Robert Hill, CEO, KSAMC, said the project adds to the beautification, reconstitution and rethinking of the project of renewal of downtown Kingston.

“The murals have transformed the consciousness and mentality of persons who use this space. Many of us don’t understand the psychology that this transformation has caused. Downtown Kingston was once regarded as a hard, hard place to work, to live and to enjoy. With the introduction of these beautiful pieces of art, it has begun the transformation of thought and heart and mind and I believe these fit very well into the mantra of the Kiwanis Club of New Kingston where you wish to have particular involvement in children and how they themselves can reflect their own impressions of art through the artists that will be commissioned to do the work here,” Hill said, adding that a number of partnerships with the Mexican, Japanese and Indian embassies have resulted in murals in the space, which represents a fusion of international art with local art.
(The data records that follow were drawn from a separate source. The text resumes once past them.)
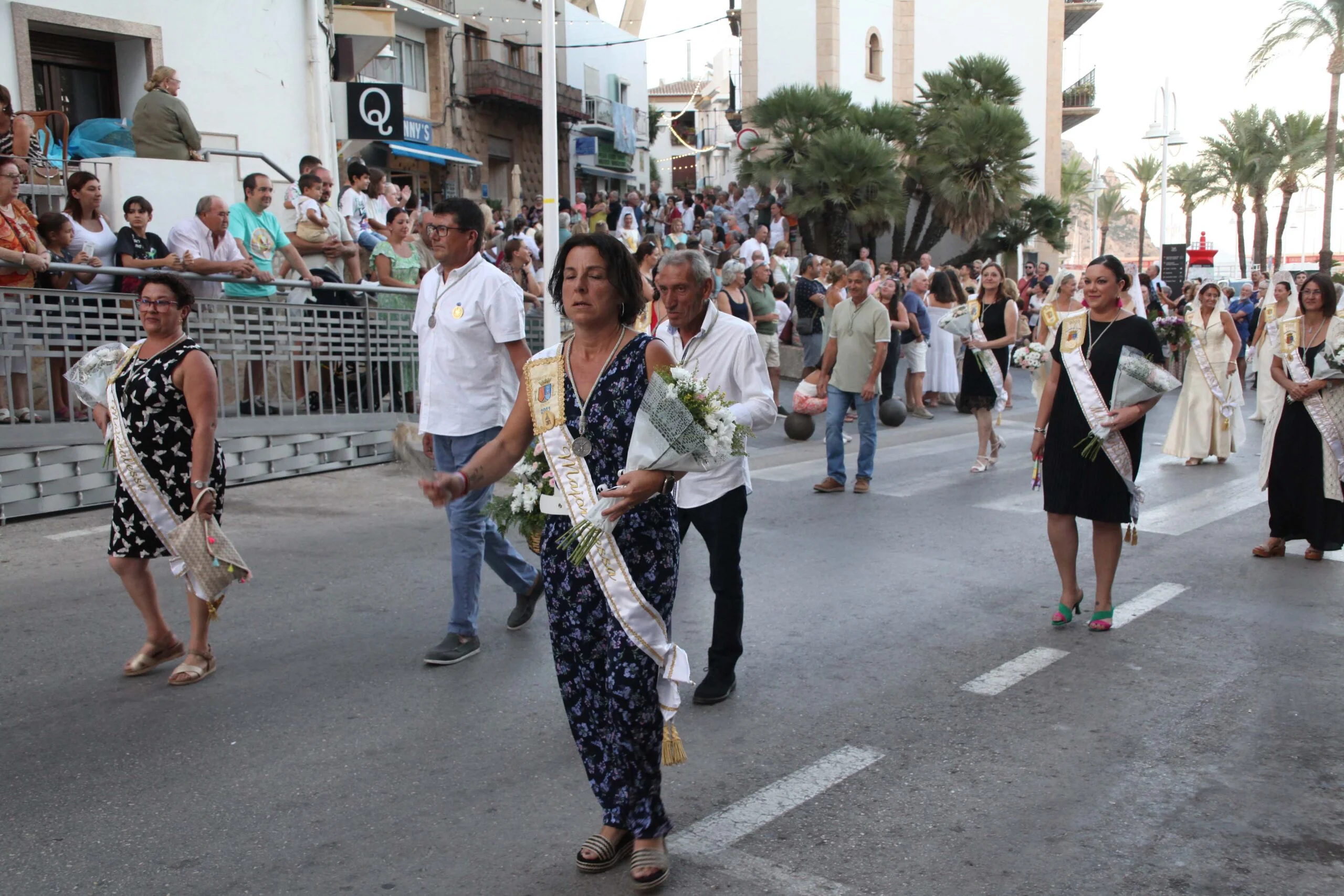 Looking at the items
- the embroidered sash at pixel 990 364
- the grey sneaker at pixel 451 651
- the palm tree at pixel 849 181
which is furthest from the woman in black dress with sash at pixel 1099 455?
the palm tree at pixel 849 181

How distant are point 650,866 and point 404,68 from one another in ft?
114

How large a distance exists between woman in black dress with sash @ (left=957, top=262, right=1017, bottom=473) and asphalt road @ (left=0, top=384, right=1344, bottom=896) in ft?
12.0

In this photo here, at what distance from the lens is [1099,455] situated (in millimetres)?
6078

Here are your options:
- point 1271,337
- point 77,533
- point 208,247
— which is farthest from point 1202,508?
point 77,533

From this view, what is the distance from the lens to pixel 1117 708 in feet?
16.5

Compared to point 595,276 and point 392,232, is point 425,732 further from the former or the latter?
point 392,232

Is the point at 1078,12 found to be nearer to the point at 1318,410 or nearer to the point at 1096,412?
the point at 1318,410

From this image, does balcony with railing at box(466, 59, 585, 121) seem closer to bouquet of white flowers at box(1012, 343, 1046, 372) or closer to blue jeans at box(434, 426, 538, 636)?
bouquet of white flowers at box(1012, 343, 1046, 372)

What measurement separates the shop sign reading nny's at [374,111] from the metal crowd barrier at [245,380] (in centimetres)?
615

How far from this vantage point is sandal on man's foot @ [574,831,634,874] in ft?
11.8

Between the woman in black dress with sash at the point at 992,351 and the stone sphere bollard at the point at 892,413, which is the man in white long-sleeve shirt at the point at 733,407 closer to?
the woman in black dress with sash at the point at 992,351

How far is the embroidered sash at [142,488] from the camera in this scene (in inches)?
206

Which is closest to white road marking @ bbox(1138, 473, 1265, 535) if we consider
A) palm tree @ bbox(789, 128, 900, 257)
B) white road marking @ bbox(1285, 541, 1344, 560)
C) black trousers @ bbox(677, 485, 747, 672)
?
white road marking @ bbox(1285, 541, 1344, 560)

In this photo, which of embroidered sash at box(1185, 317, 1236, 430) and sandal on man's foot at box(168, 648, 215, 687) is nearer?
sandal on man's foot at box(168, 648, 215, 687) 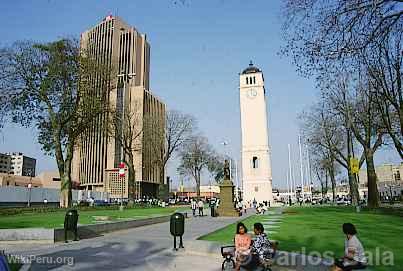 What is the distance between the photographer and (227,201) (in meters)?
34.4

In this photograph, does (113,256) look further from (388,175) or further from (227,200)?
(388,175)

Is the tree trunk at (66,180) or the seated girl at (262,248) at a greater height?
the tree trunk at (66,180)

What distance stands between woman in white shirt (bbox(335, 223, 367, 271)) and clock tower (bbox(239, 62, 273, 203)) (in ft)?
209

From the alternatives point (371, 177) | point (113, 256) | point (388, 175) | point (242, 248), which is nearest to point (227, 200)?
point (371, 177)

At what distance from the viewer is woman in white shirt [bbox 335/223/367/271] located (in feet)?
23.2

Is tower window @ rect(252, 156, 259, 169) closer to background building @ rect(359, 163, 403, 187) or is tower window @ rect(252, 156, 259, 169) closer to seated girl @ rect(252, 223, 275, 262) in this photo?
background building @ rect(359, 163, 403, 187)

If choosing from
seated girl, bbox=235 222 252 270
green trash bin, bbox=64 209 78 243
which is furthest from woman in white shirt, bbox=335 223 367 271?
green trash bin, bbox=64 209 78 243

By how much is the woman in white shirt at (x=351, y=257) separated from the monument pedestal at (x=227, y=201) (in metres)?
26.5

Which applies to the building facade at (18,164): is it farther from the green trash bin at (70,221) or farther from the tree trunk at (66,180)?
the green trash bin at (70,221)

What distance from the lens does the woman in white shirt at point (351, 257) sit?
7.07 m

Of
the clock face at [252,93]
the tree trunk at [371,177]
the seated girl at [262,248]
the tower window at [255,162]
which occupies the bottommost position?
the seated girl at [262,248]

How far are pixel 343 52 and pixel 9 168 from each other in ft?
480

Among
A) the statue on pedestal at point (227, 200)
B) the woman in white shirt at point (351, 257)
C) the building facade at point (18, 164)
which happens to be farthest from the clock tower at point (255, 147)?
the building facade at point (18, 164)

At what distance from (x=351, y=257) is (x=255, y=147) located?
6489 centimetres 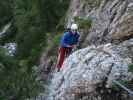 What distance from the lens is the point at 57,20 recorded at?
24656mm

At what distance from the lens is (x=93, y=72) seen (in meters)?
10.4

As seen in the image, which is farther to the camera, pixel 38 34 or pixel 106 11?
pixel 38 34

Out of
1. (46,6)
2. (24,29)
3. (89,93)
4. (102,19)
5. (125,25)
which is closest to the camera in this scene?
(89,93)

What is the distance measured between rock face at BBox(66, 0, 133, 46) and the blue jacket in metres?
0.87

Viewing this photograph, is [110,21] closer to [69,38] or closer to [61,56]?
[69,38]

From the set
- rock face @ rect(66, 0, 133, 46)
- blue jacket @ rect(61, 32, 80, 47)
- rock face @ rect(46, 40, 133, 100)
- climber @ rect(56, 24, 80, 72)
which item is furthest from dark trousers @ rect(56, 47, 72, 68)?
rock face @ rect(46, 40, 133, 100)

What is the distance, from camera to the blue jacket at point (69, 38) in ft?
42.2

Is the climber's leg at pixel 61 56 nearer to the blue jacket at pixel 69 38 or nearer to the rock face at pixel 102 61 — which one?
the blue jacket at pixel 69 38

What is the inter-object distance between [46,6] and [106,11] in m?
9.53

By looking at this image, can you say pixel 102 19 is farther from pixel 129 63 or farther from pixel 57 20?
pixel 57 20

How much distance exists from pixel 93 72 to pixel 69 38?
2711mm

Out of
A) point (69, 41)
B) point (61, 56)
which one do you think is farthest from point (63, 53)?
point (69, 41)

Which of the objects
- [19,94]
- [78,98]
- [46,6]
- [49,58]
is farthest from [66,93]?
[46,6]

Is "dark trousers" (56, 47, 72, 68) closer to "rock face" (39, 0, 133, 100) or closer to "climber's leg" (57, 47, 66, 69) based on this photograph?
"climber's leg" (57, 47, 66, 69) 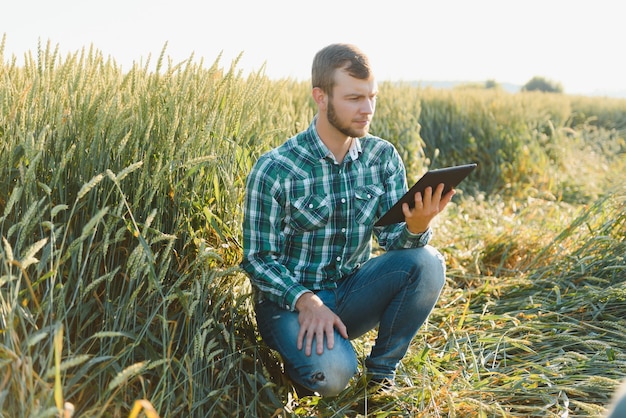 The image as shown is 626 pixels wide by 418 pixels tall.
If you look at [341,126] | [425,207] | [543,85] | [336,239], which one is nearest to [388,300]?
[336,239]

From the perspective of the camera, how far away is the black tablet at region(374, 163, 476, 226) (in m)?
2.04

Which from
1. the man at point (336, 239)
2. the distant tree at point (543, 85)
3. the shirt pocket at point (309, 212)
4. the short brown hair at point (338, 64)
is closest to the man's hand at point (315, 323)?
the man at point (336, 239)

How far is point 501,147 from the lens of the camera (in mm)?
6828

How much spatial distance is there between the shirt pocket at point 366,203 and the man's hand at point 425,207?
191 millimetres

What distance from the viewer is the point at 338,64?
2.23 m

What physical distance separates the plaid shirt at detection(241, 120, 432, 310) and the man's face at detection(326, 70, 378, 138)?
12 cm

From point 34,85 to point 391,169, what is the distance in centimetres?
125

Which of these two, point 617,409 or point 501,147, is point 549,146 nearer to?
point 501,147

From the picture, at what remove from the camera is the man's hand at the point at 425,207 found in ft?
6.93

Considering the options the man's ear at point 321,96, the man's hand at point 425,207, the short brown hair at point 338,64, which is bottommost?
the man's hand at point 425,207

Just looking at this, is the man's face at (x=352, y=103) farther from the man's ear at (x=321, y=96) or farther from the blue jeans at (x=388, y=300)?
the blue jeans at (x=388, y=300)

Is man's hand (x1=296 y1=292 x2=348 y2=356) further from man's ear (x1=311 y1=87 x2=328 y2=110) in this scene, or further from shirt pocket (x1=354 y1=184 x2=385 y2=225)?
man's ear (x1=311 y1=87 x2=328 y2=110)

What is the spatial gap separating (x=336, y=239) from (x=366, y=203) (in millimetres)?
176

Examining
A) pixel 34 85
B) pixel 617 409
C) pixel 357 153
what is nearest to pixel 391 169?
pixel 357 153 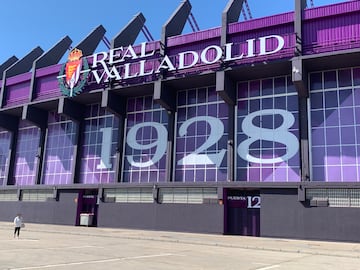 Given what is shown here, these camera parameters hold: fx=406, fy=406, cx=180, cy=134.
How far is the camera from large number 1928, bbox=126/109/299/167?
31098 mm

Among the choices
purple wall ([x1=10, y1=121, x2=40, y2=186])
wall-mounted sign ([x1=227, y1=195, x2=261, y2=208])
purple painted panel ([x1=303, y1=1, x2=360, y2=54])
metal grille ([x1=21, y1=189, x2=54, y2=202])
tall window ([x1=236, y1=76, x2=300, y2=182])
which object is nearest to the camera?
purple painted panel ([x1=303, y1=1, x2=360, y2=54])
Latoya Aquart Foster, project manager at CHASE Fund, which donated $450,000 to the project, said the initiative falls within the United Nations Resolution which declared 2021 the International Year of Creative Economy for Sustainable Development and offers an opportunity for creative experiences in this very challenging period.

Aquart Foster commended the collaboration between KCNK and Edna Manley College, adding that CHASE was pleased that the students could impact their surroundings in a positive way.

Doris Gross, director and art district lead of Kingston Creative, further lauded the initiative pointing out that downtown Kingston deserves respect and attention plus a carefully crafted plan to get the redevelopment going in an inclusive way.

The project is expected to be completed by the end of June.